Dataset excerpt —
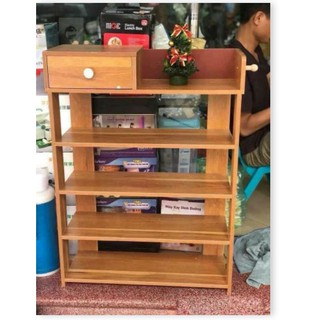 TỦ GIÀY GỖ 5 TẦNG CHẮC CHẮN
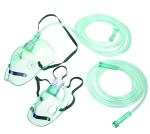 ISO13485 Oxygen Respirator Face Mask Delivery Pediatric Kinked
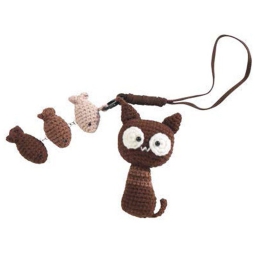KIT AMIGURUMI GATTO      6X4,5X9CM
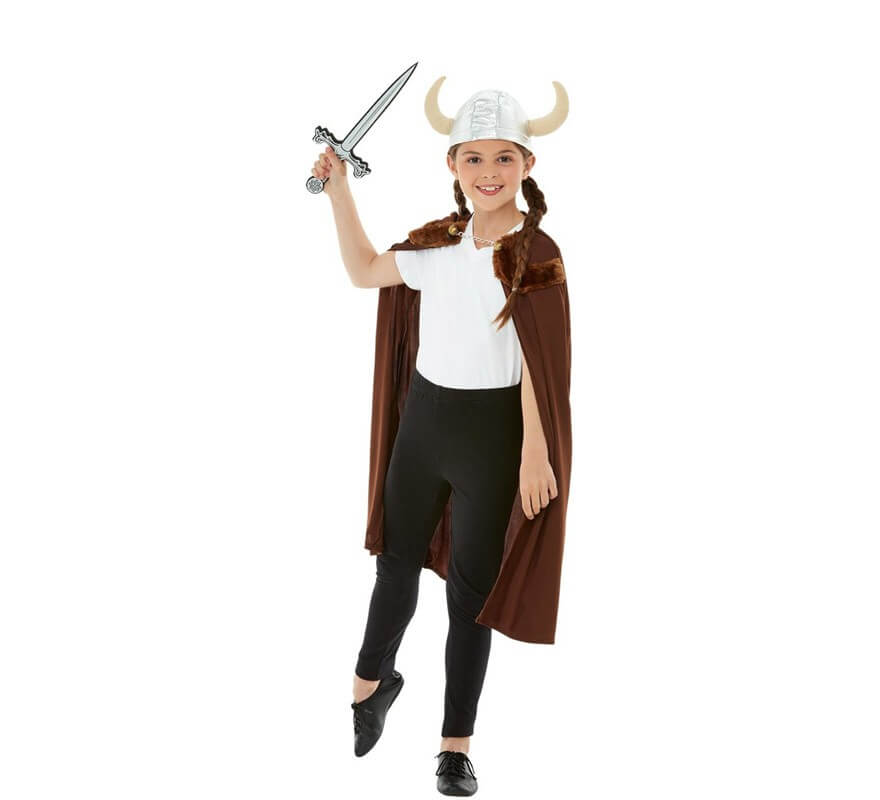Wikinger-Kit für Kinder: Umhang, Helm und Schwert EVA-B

Work instruction — Please return exactly the lines from the one containing "KIT AMIGURUMI GATTO" through the end of the material above, both ends included, but not the pictures.

Task solution —
KIT AMIGURUMI GATTO      6X4,5X9CM
Wikinger-Kit für Kinder: Umhang, Helm und Schwert EVA-B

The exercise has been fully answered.